» **AIM OF THE TASK**:
All of the records must be repeated exactly as they read.

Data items
= = = =
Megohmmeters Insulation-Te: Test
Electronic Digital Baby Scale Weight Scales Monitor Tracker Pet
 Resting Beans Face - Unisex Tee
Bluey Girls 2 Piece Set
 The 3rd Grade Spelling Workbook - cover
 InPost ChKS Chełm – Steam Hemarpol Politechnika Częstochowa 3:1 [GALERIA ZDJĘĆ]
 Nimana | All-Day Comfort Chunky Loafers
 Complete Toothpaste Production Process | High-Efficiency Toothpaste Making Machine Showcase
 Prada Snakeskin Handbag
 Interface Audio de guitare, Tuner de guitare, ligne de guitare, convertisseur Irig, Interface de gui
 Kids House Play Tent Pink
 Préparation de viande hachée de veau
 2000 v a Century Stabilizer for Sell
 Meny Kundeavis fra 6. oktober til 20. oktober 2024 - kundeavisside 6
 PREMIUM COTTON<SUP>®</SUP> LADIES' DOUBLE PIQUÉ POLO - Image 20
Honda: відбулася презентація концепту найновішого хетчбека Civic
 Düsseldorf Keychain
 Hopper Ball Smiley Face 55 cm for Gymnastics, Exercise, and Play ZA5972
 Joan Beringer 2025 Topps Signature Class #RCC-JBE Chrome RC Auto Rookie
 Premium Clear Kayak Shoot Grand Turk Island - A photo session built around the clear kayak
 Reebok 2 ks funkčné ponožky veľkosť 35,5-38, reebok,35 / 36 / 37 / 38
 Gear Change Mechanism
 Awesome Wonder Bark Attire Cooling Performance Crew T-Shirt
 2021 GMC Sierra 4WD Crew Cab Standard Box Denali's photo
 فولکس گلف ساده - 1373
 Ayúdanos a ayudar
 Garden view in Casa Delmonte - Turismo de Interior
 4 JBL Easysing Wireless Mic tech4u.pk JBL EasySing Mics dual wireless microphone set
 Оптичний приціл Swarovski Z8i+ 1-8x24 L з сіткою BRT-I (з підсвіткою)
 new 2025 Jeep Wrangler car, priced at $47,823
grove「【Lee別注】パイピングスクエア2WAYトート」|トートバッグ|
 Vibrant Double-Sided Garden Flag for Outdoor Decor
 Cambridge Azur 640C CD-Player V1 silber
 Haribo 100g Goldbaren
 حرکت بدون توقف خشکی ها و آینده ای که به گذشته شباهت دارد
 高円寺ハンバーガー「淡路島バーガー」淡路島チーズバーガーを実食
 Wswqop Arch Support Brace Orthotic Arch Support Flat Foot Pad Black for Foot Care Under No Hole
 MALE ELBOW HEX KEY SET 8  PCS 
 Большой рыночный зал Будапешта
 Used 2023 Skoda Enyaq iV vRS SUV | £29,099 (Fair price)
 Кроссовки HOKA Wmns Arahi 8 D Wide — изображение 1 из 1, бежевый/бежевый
= = = =
» **SOLUTION TO THE EXERCISE**:
Megohmmeters Insulation-Te: Test
Electronic Digital Baby Scale Weight Scales Monitor Tracker Pet
 Resting Beans Face - Unisex Tee
Bluey Girls 2 Piece Set
 The 3rd Grade Spelling Workbook - cover
 InPost ChKS Chełm – Steam Hemarpol Politechnika Częstochowa 3:1 [GALERIA ZDJĘĆ]
 Nimana | All-Day Comfort Chunky Loafers
 Complete Toothpaste Production Process | High-Efficiency Toothpaste Making Machine Showcase
 Prada Snakeskin Handbag
 Interface Audio de guitare, Tuner de guitare, ligne de guitare, convertisseur Irig, Interface de gui
 Kids House Play Tent Pink
 Préparation de viande hachée de veau
 2000 v a Century Stabilizer for Sell
 Meny Kundeavis fra 6. oktober til 20. oktober 2024 - kundeavisside 6
 PREMIUM COTTON<SUP>®</SUP> LADIES' DOUBLE PIQUÉ POLO - Image 20
Honda: відбулася презентація концепту найновішого хетчбека Civic
 Düsseldorf Keychain
 Hopper Ball Smiley Face 55 cm for Gymnastics, Exercise, and Play ZA5972
 Joan Beringer 2025 Topps Signature Class #RCC-JBE Chrome RC Auto Rookie
 Premium Clear Kayak Shoot Grand Turk Island - A photo session built around the clear kayak
 Reebok 2 ks funkčné ponožky veľkosť 35,5-38, reebok,35 / 36 / 37 / 38
 Gear Change Mechanism
 Awesome Wonder Bark Attire Cooling Performance Crew T-Shirt
 2021 GMC Sierra 4WD Crew Cab Standard Box Denali's photo
 فولکس گلف ساده - 1373
 Ayúdanos a ayudar
 Garden view in Casa Delmonte - Turismo de Interior
 4 JBL Easysing Wireless Mic tech4u.pk JBL EasySing Mics dual wireless microphone set
 Оптичний приціл Swarovski Z8i+ 1-8x24 L з сіткою BRT-I (з підсвіткою)
 new 2025 Jeep Wrangler car, priced at $47,823
grove「【Lee別注】パイピングスクエア2WAYトート」|トートバッグ|
 Vibrant Double-Sided Garden Flag for Outdoor Decor
 Cambridge Azur 640C CD-Player V1 silber
 Haribo 100g Goldbaren
 حرکت بدون توقف خشکی ها و آینده ای که به گذشته شباهت دارد
 高円寺ハンバーガー「淡路島バーガー」淡路島チーズバーガーを実食
 Wswqop Arch Support Brace Orthotic Arch Support Flat Foot Pad Black for Foot Care Under No Hole
 MALE ELBOW HEX KEY SET 8  PCS 
 Большой рыночный зал Будапешта
 Used 2023 Skoda Enyaq iV vRS SUV | £29,099 (Fair price)
 Кроссовки HOKA Wmns Arahi 8 D Wide — изображение 1 из 1, бежевый/бежевый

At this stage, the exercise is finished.